> **Your objective**:
Print out the data precisely as it appears here, with no pictures.

> **Given information**:
╭──

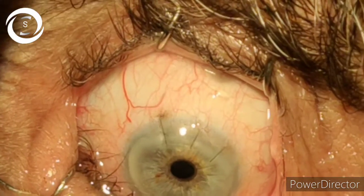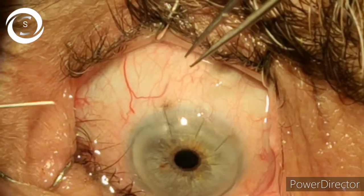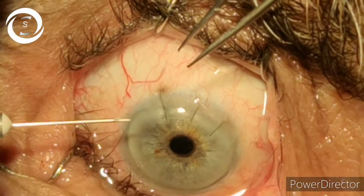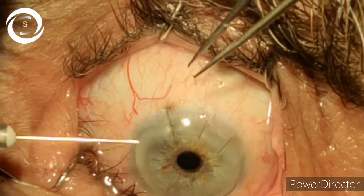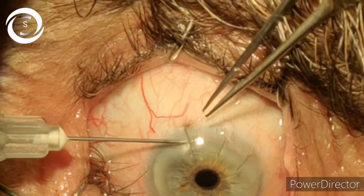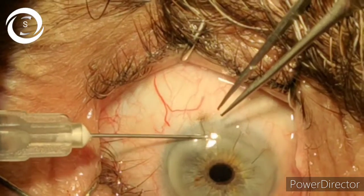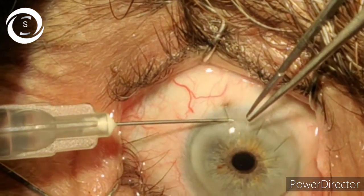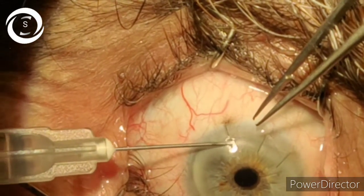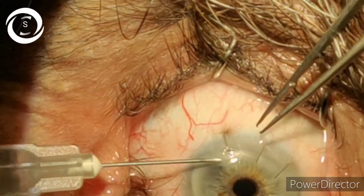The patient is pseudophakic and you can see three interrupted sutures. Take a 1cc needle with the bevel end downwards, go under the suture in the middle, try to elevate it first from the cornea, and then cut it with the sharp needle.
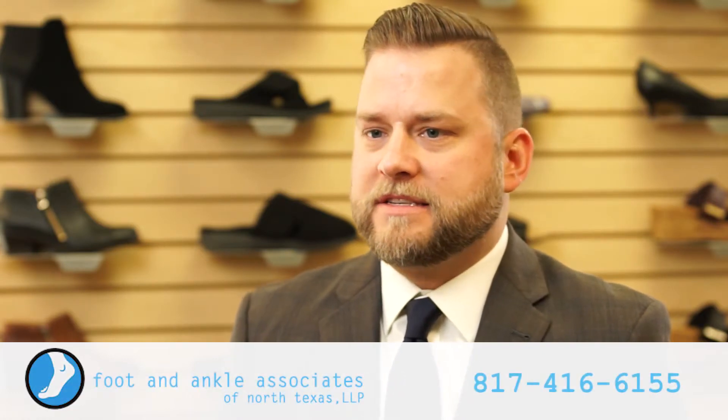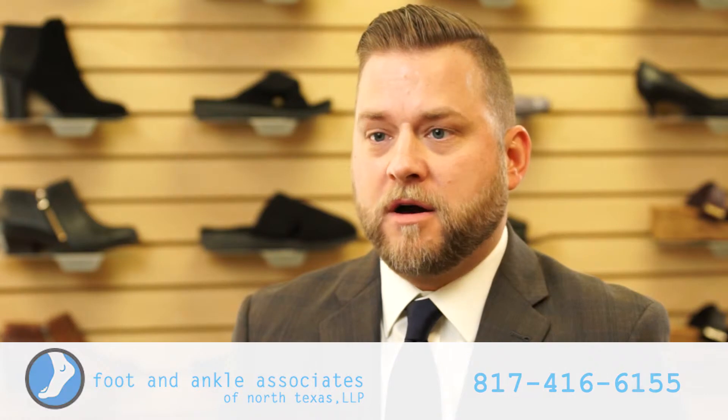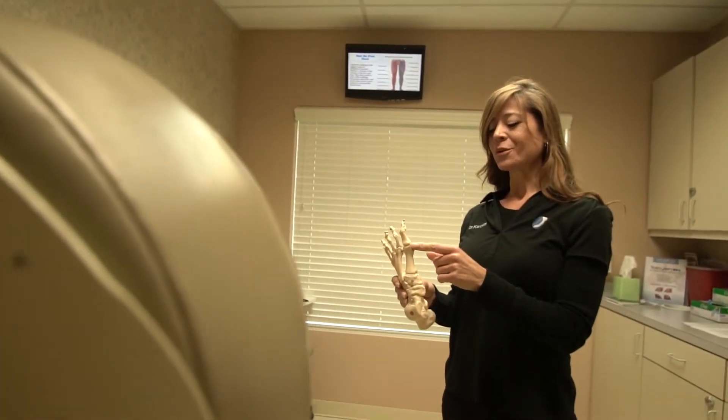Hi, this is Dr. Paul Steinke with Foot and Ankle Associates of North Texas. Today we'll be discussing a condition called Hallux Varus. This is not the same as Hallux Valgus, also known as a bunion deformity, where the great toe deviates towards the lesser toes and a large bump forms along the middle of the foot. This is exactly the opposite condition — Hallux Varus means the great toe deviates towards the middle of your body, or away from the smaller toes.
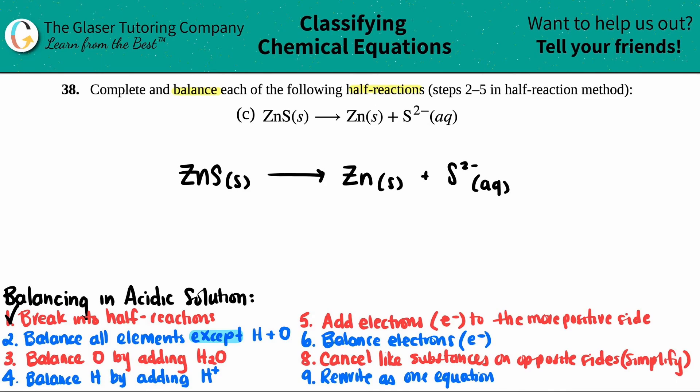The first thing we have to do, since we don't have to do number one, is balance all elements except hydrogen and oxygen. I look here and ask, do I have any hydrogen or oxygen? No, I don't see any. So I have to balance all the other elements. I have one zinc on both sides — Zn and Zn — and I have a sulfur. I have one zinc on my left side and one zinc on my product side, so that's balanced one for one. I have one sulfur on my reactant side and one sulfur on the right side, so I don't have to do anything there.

╰──

> **Answer box**:
The patient is pseudophakic and you can see three interrupted sutures. Take a 1cc needle with the bevel end downwards, go under the suture in the middle, try to elevate it first from the cornea, and then cut it with the sharp needle.
Hi, this is Dr. Paul Steinke with Foot and Ankle Associates of North Texas. Today we'll be discussing a condition called Hallux Varus. This is not the same as Hallux Valgus, also known as a bunion deformity, where the great toe deviates towards the lesser toes and a large bump forms along the middle of the foot. This is exactly the opposite condition — Hallux Varus means the great toe deviates towards the middle of your body, or away from the smaller toes.
The first thing we have to do, since we don't have to do number one, is balance all elements except hydrogen and oxygen. I look here and ask, do I have any hydrogen or oxygen? No, I don't see any. So I have to balance all the other elements. I have one zinc on both sides — Zn and Zn — and I have a sulfur. I have one zinc on my left side and one zinc on my product side, so that's balanced one for one. I have one sulfur on my reactant side and one sulfur on the right side, so I don't have to do anything there.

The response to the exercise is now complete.